Builders, firefighters battle over sprinkler rules

By Dena Potter
The Associated Press

RICHMOND, Va. — Firefighters and safety advocates say they could triumph over the "last bastion of America's fire problem" — the family home — if officials require sprinklers in every new home.

However, homebuilders warn it's not that simple and could prove a risky decision during a recession, adding thousands to the cost of homes as the housing market starts to recover.

State and local officials are now wrestling over whether to adopt building codes that would require sprinklers in every new home and townhome starting in 2011 amid intense lobbying from both sides.

The sprinkler debate reached its apex last September when the International Code Council, which sets the minimum safety requirements typically used in 48 states and the District of Columbia, approved the mandate.

The proposal had failed for years, but a pro-sprinkler group paid the way for firefighters and code officials to attend the meeting in Minneapolis, where they voted to adopt the mandate. Homebuilders, who previously paid for anti-sprinkler voting members to attend, cried foul and are trying to reverse the decision.

"We stand on the verge of actually making a significant difference," said Ronny Coleman, a former California fire marshal who pushed through the nation's first sprinkler mandate in San Clemente in the late 1970s and founded the group fighting for the mandate.

He called homes the "last bastion of America's fire problem," where 80 percent of fires occur. Nationwide, about 3,000 people die in home fires each year — but fewer than 2 percent of homes have sprinklers.

There is no uniform method of adopting the residential building codes. In seven states, it's left up to local governments. In others, either the legislature, housing board or state code official makes the call.

The Minnesota-based Residential Fire Safety Institute says 400 localities have passed sprinkler mandates, several going back decades.

Since last September, regulators in Pennsylvania and New Jersey have tentatively approved the mandate.

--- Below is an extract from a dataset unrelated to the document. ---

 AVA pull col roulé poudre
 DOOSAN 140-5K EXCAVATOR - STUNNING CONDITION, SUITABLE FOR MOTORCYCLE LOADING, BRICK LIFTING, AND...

Michigan and Virginia are leaning toward rejecting the codes, but final decisions aren't expected for months.

Meanwhile, homebuilders — traditionally big political donors — have persuaded legislators in more than a dozen states to push bills prohibiting localities from requiring sprinklers. Idaho, North Dakota, Missouri and Texas have approved the bans.

Supporters argue sprinklers save property and lives, including those of firefighters who are at a higher risk in new homes built of lightweight, fast-burning materials. This year, 18 firefighters have died fighting structure fires. Supporters also argue the vast majority of fires are quickly contained by only one sprinkler.

The cost, which can average up to $2.66 per square foot, can be less expensive than cosmetic enhancements like granite countertops or whirlpool tubs. And insurers typically offer discounts between 5 to 15 percent for homes with sprinklers, according to the American Insurance Association.

"Unfortunately, safety doesn't sell," said Steve Muncy, president of the Texas-based American Fire Sprinkler Association.

In Richmond, Va., homebuilders estimate it would cost more than $5,800 to install sprinklers in a 2,000-square-foot home. Many say that would harm lower-income home buyers.

"We don't oppose fire sprinklers, we just want to make sure we aren't leaving folks in those crowded, substandard, really dangerous houses," said John Snook with Habitat for Humanity International, which built or repaired homes for more than 6,100 families last year.

Many say the cost is worth it.

Fire gutted Jimmy Dean's 4,000-square-foot home outside Richmond earlier this year. He doesn't think sprinklers should be required, but he said it's well worth the $14,000 to install sprinklers in his rebuilt home.

"I hope somebody will look into it and try to stave off what we had to do, because if I said it didn't hurt I'd be lying," said Dean, 81, best known for his 1961 country song "Big Bad John" and the sausage brand he sold years ago.

Others argue smoke detectors are less expensive and just as effective in saving lives. A 2008 study published by the National Fire Protection Association says the chances of surviving a fire with working smoke alarms was 99.45 percent.

"When you continue to have these arbitrary requirements that have significant cost increase with no cost benefit, that's essentially making it to where people can't afford the home," said Steve Orlowski with the Washington-based National Association of Home Builders.

Smoke alarms aren't always enough, said Kaaran Mann, whose 18-year-old daughter Lauren Mahon was among seven South Carolina college students who died in a 2007 fire at a beach house in Ocean Isle Beach, N.C.

Six students survived, and several said a smoke alarm woke them with only moments left to escape.

Mann, of Greenville, S.C., has since become an advocate for requiring them in college dorms and homes.

"If people are told these things do not all go off at once, they do not flood your home just because you burn the bacon ... it's an investment I think people would be more than willing to pay," she said.